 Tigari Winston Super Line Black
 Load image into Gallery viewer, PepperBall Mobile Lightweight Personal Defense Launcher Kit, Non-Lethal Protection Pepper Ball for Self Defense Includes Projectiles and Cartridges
---
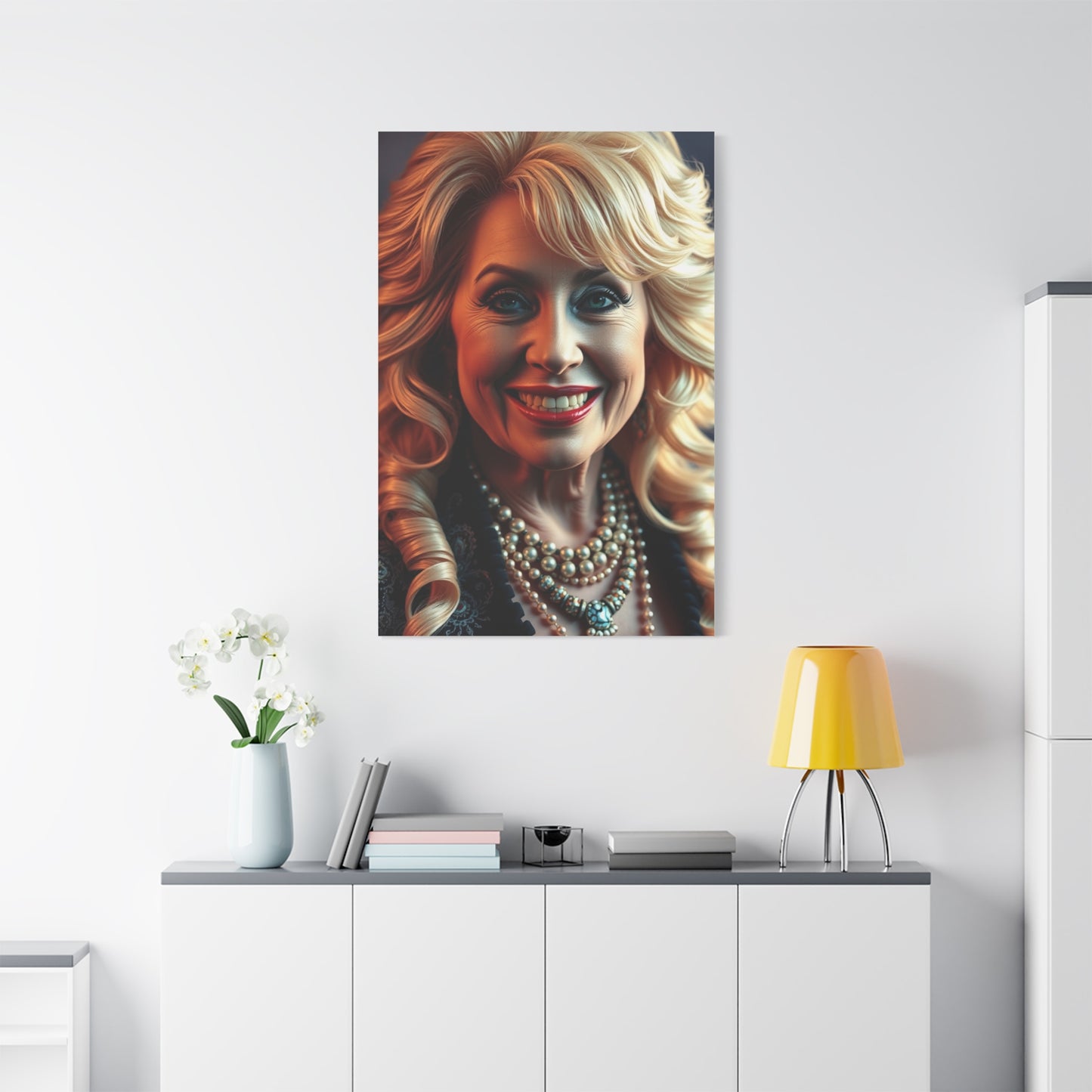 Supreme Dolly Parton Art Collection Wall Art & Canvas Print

### WORK ITEM
Go through the material above and output exactly the lines from the one containing "Tigari Winston Super Line Black" through the one containing "Load image into".

### RESPONSE FOR THIS EXERCISE
 Tigari Winston Super Line Black
 Load image into Gallery viewer, PepperBall Mobile Lightweight Personal Defense Launcher Kit, Non-Lethal Protection Pepper Ball for Self Defense Includes Projectiles and Cartridges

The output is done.